# AZ HERF Pictures



## LasciviousXXX (Oct 12, 2004)

Alright guys I know you've been waiting so I figured I'd show you how much fun was had at the first annual AZ HERF. Everybody had loads of fun and we all got to try some amazing smokes. 

The overall theme of the HERF was new experiences and I think by the end of the night everybody had loads of new experiences.

We plan on trying to do these every couple of months or so. So, if you're in the area let us know and we'll try our best to accomodate you.

Both Linus and KScotty were really awesome guys who were the epitome of nice gracious guys. I really enjoyed hanging with those guys.

First Pic: 

Myself (LasciviousXXX) , KScotty in the middle, and Linus on the end


----------



## LasciviousXXX (Oct 12, 2004)

Pic #2:
Linus Trying his first ever Opus X


----------



## LasciviousXXX (Oct 12, 2004)

Pic #3:
Long Ash Contest with a PSD4


----------



## LasciviousXXX (Oct 12, 2004)

Pic #4:
These guys kickin' my ass


----------



## LasciviousXXX (Oct 12, 2004)

Pic #5:
KScotty Lightin' it up


----------



## LasciviousXXX (Oct 12, 2004)

Pic #6:
LasciviousXXX Lightin' Up


----------



## LasciviousXXX (Oct 12, 2004)

Pic #7:
Monkey'ing around...... (guess who made the CS placard... it was the licensing guy  )


----------



## LasciviousXXX (Oct 12, 2004)

Final Pic:
Saying goodbye...... and yes I did meet the height requirement for the PD :fu But look at KScotty he's one tall gorilla. He's like the jolly green Canadian giant


----------



## LastClick (Jan 2, 2005)

Looks like you all had a good time judging from the ash-ige on the table!!

Cheers


----------



## linusvanpelt (Jan 19, 2004)

KScotty gets his FLAME on! (notice the girl in the background checkin' him out)


----------



## galaga (Sep 18, 2003)

What a bunch a magillas ===


----------



## c2000 (Oct 16, 2003)

Thanks for the pics,,wish I could have been there..


Jerry in Minnesota.


----------



## coppertop (Dec 29, 2003)

WOW thanks for the pics....they are great. WOW KScotty is a tall dude. He also looks like William Peterson aka Gil Grissom from CSI.


----------



## WillyGT (Sep 13, 2004)

hey it looks like you had lots of fun . hope i can be on next one. If next one is in Yuma is ALOT easier for me. Well thanks for the pics, hope i can meet my brother gorillas next time.


----------



## IHT (Dec 27, 2003)

sweet pics.

how did the guys like their first cuban cigars (and what were they)?


----------



## Sickboy (Jan 8, 2005)

That's the first thing I thought Coppertop...Gil Grissom. I think Grissom is too uptight to smoke though. Nice pics fellas. Looks like a good time.


----------



## LasciviousXXX (Oct 12, 2004)

IHT said:


> sweet pics.
> 
> how did the guys like their first cuban cigars (and what were they)?

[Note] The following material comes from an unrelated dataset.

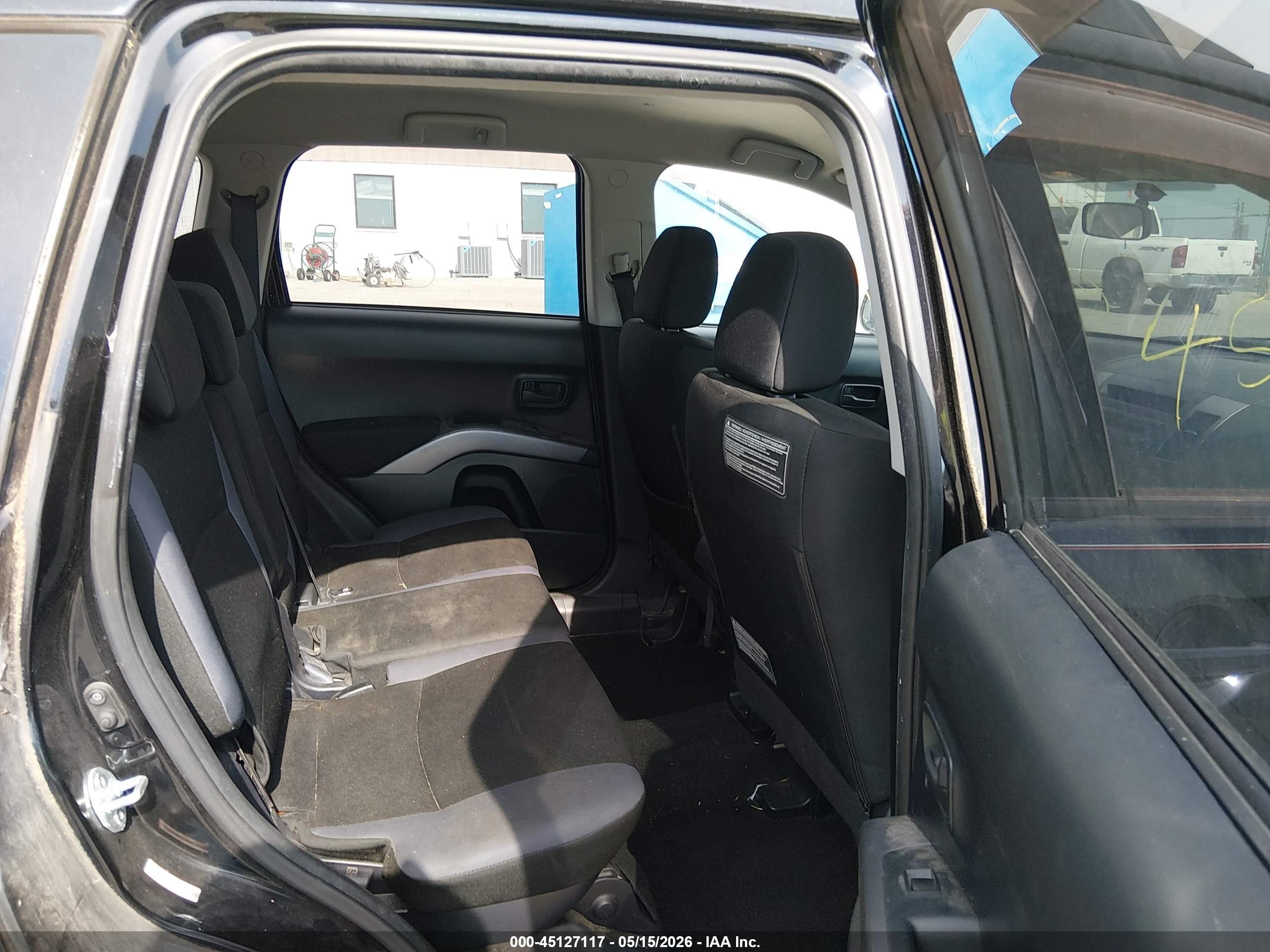 2008 Mitsubishi Outlander Es Black vin: JA4LS21W18Z009426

Well I'm trying to remember what everybody had and I think that Linus ended up having from my box a RASS, Boli RC, VR Famoso, a Party Short, and an Opus X. I don't quite remember what KScotty had but I think it was a Boli RC, a Party Short, a Cohiba Siglo V (from the box pass), and I don't remember if he had the Mag 46 or not.......... it was a long HERF 

I myself started off the day with a Party Short that morning, followed by a HDM Epi 2 around 2:30 right before the HERF then I had a PSD4 (freakin' awesome), a Cohiba Robusto (thanx Greg), a RASS, and a CAO Italia (thanx KScotty).

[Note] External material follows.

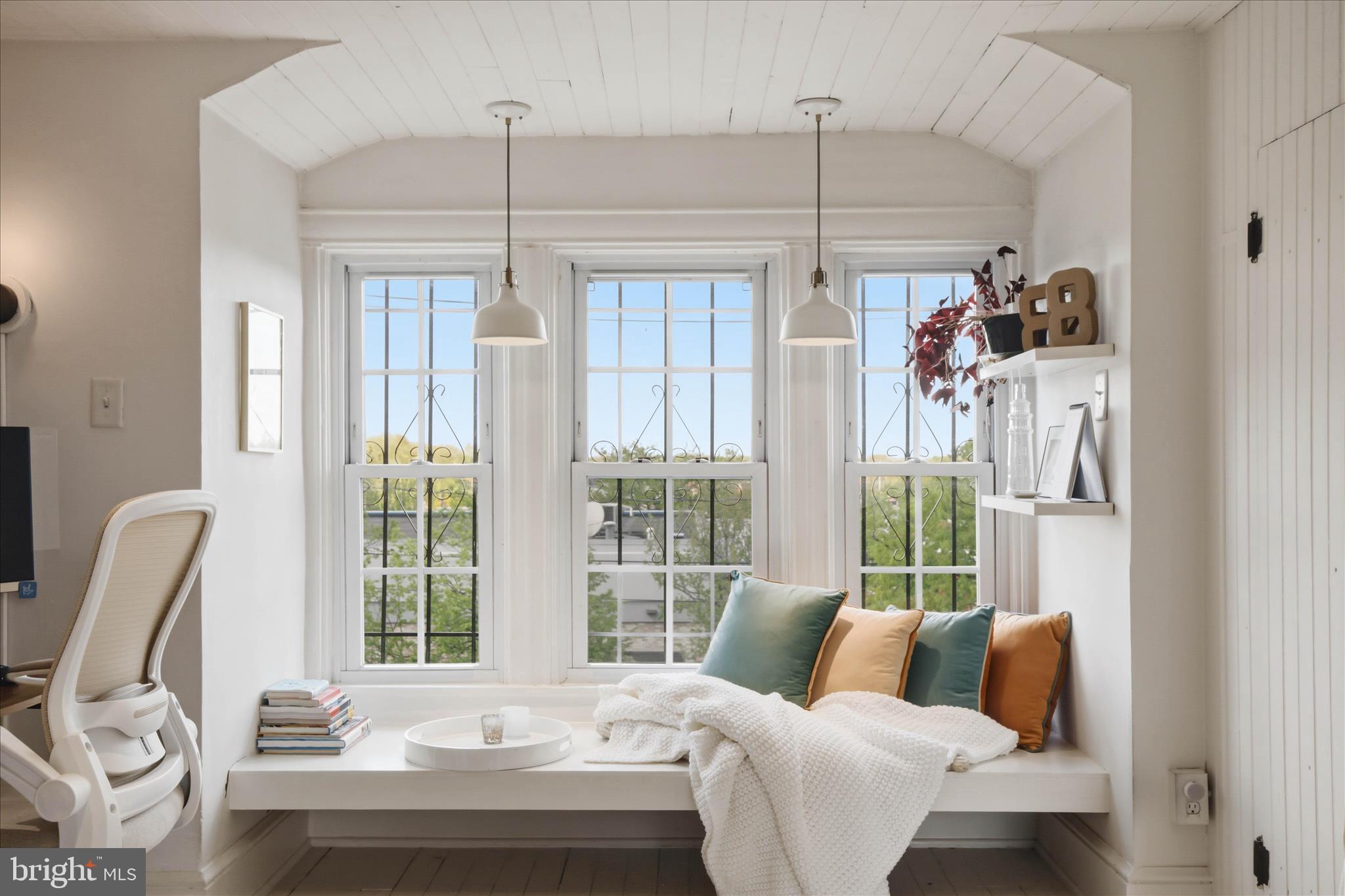 828 E CHESTNUT STREET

All in all it was loads of fun.

PS - and don't worry IHT the Cohiba Reserva made it home safe for a rainy day


----------



## floydp (Jun 6, 2004)

Wow that looks like great fun, Ms. Floydp and I are looking so forward to the VA herf comming up in March.


----------



## TheSmokingHiker (Jan 11, 2005)

Looks like a good time. I need to get an Atlanta Herf organized...


----------



## dayplanner (Dec 11, 1997)

Thanks for the pics, look like you guys had a great time. The woman in the background looks scared for her life!


----------



## MoTheMan (May 24, 2003)

Great Pics!

It's good to put facdes along with the avatars & postings. Kudos to you guys!!
Hey Linus, that's my favorite OpusX, the whole rest of the line can come in second IMHO.


----------



## IHT (Dec 27, 2003)

LasciviousXXX said:


> PS - and don't worry IHT the Cohiba Reserva made it home safe for a rainy day


i think i'd have a toe tag if i were to smoke that many in one afternoon.

also, that cigar is yours to do with what you please (smoke it, stick it where the sun don't shine, give it away, bronze it or make it into yard art). enjoy it any way you like.. it is a pyramide, just don't use it as some vibrating pleasure tool.


----------



## kansashat (Mar 13, 2004)

Looks like loads'ofun. How the heck did you guys smoke that many cigars?


----------



## LasciviousXXX (Oct 12, 2004)

IHT said:


> just don't use it as some vibrating pleasure tool.


Damn!!! Foiled Again! When will the madness end


----------



## linusvanpelt (Jan 19, 2004)

LasciviousXXX said:


> Well I'm trying to remember what everybody had and I think that Linus ended up having from my box a RASS, Boli RC, VR Famoso, a Party Short, and an Opus X.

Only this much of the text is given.